2004-10-14 20:16:55

by Yasushi Saito

[permalink] [raw]
Subject: [PATCH 1/2] aio: add vectored I/O support

This is a patch against 2.6.9-rc3-mm3 that add supports for vectored
async I/O. It adds two additional commands, IO_CMD_PREADV and
IO_CMD_PWRITEV to libaio.h. The below is roughly what I did:

* add "aio_readv" and "aio_writev" to struct file_operations.
* aio_abi.h: add IOCB_CMD_PREADV and PWRITEV. \
Also make struct iocb compatible with the latest glibc libaio.h.
* aio.c: change kiocb to support vectored operations.
IOCB_CMD_PREAD and PWRITE are now simply
implemented as degenerate variations of PREADV and PWRITEV.
* block_dev.c, file.c, {ext2,ext3,jfs,reiserfs}/file.c:
Add implementations of aio_readv and wriitev methods, route
aio_read and aio_write to the ...v methods.
They are reasonably straightforward since the low-level code
already supports vectored I/O.

This feature has been tested on ext3 and a raw block device, but it
should also work with ext2, nfs, jfs and reiser.
The patch is divided into two parts, one that just fixes bugs in the
existing code, and the other that adds the vectored I/O feature. A bit
more detailed explanation, along with a sample program, is found in
http://www.hpl.hp.com/personal/Yasushi_Saito/linux-aiov
Comments are appreciated.

yaz

This patch fixes two bugs: (1) aio_free_ring: don't attempt to free page
on cleanup after io_setup fails while in do_mmap,
(2) __generic_file_aio_read: properly abort and retry when more than one
iovec is passed and data is not yet ready.
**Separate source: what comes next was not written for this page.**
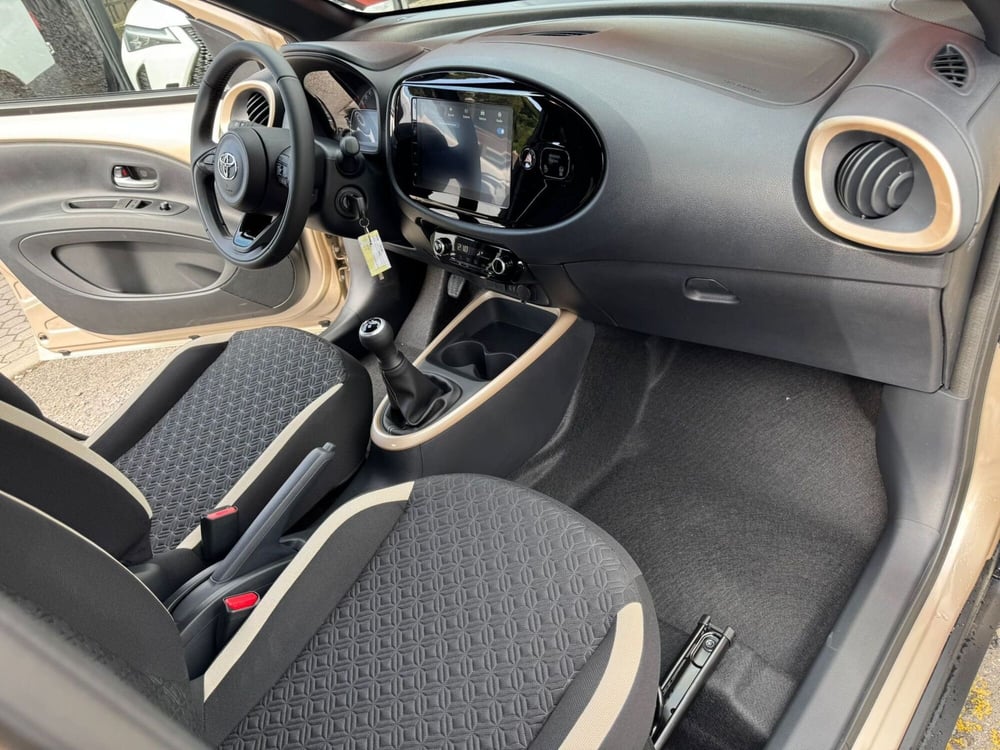 Toyota Aygo X nuova a Como (6)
Signed-off-by: Yasushi Saito <[email protected]>

--- .pc/aio-bugfixes.patch/fs/aio.c 2004-10-14 12:58:39 -07:00
+++ fs/aio.c 2004-10-14 12:58:39 -07:00
@@ -86,7 +86,8 @@ static void aio_free_ring(struct kioctx
long i;

for (i=0; i<info->nr_pages; i++)
- put_page(info->ring_pages[i]);
+ if (info->ring_pages[i])
+ put_page(info->ring_pages[i]);

if (info->mmap_size) {
down_write(&ctx->mm->mmap_sem);
--- .pc/aio-bugfixes.patch/mm/filemap.c 2004-10-14 12:58:39 -07:00
+++ mm/filemap.c 2004-10-14 12:58:39 -07:00
@@ -976,9 +976,11 @@ __generic_file_aio_read(struct kiocb *io
desc.error = 0;
do_generic_file_read(filp,ppos,&desc,file_read_actor);
retval += desc.written;
- if (!retval) {
- retval = desc.error;
- break;
+
+ if (desc.written < iov[seg].iov_len) {
+ if (retval == 0)
+ retval = desc.error;
+ break;
}
}
}




2004-10-16 03:13:18

by Joel Becker

[permalink] [raw]
Subject: Re: [PATCH 1/2] aio: add vectored I/O support

On Thu, Oct 14, 2004 at 01:10:01PM -0700, Yasushi Saito wrote:
> This is a patch against 2.6.9-rc3-mm3 that add supports for vectored
> async I/O. It adds two additional commands, IO_CMD_PREADV and
> IO_CMD_PWRITEV to libaio.h. The below is roughly what I did:

How does this differ substantially from lio_listio() of each I/O
range? Does it have some significant performance win, or is it just
aiming for a completeness that POSIX doesn't (to my knowledge) specify?

Joel

--

Life's Little Instruction Book #464

"Don't miss the magic of the moment by focusing on what's
to come."

http://www.jlbec.org/
[email protected]

2004-10-16 05:18:51

by Avi Kivity

[permalink] [raw]
Subject: Re: [PATCH 1/2] aio: add vectored I/O support

Joel Becker wrote:

>On Thu, Oct 14, 2004 at 01:10:01PM -0700, Yasushi Saito wrote:
>
>
>>This is a patch against 2.6.9-rc3-mm3 that add supports for vectored
>>async I/O. It adds two additional commands, IO_CMD_PREADV and
>>IO_CMD_PWRITEV to libaio.h. The below is roughly what I did:
>>
>>
>
> How does this differ substantially from lio_listio() of each I/O
>range? Does it have some significant performance win, or is it just
>aiming for a completeness that POSIX doesn't (to my knowledge) specify?
>
>
>
It is a huge performance win, at least on the 2.4-based RHEL kernel.
Large reads (~256K) using 4K iocbs are very slow on a large RAID, while
after I coded a similar patch I got a substantial speedup.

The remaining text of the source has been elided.